▶ _Exercise objective_: Transcribe the listing word for word, beginning at its first line and ending at the line containing "Henlley Shirts for"; omit the pictures.

▶ _Input data_:

══════════════════════════════

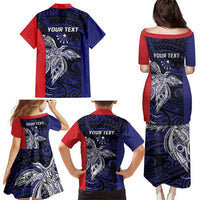Personalised PNG Central Province Family Matching Puletasi and Hawaiian Shirt Bird of Paradise Tattoo Flag Motif - Polynesian Pride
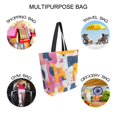 thumbnail image 7 of FORMRS Womens Canvas Tote Bag with Zipper Inner Pocket Shoulder Handbag, Art Geometric, 7 of 7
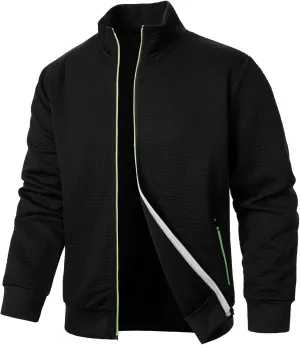 Henlley Shirts for Men Fashion Casual Solid Color Zippered Jacket Top Mens Jacket Mens Long Sleeve Tee Shirts Fall
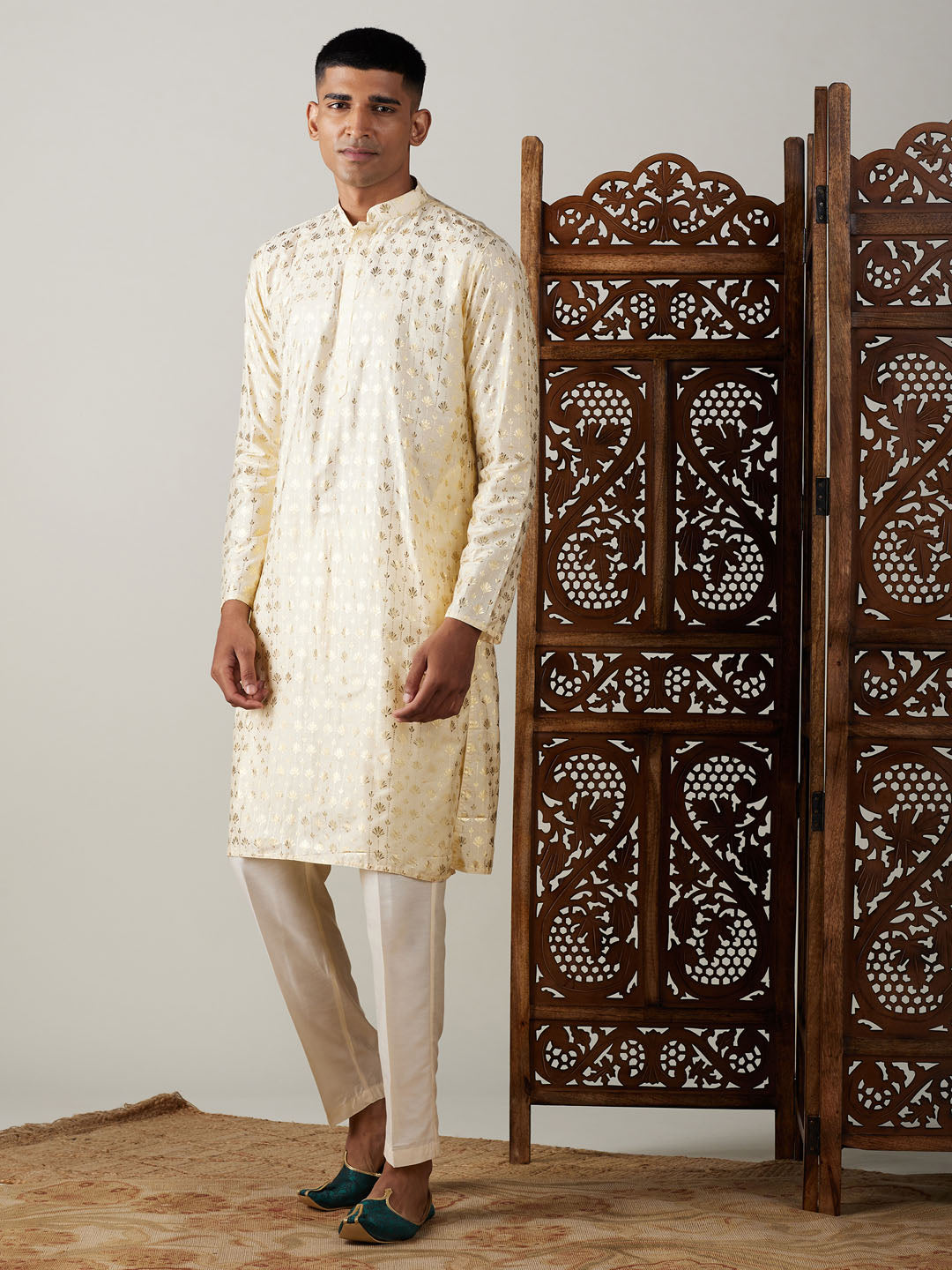 Vastramay Men's Gold And Cream Viscose Kurta Pyjama Set - Grab2buy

══════════════════════════════

▶ _Reply to the task_:
Personalised PNG Central Province Family Matching Puletasi and Hawaiian Shirt Bird of Paradise Tattoo Flag Motif - Polynesian Pride
 thumbnail image 7 of FORMRS Womens Canvas Tote Bag with Zipper Inner Pocket Shoulder Handbag, Art Geometric, 7 of 7
 Henlley Shirts for Men Fashion Casual Solid Color Zippered Jacket Top Mens Jacket Mens Long Sleeve Tee Shirts Fall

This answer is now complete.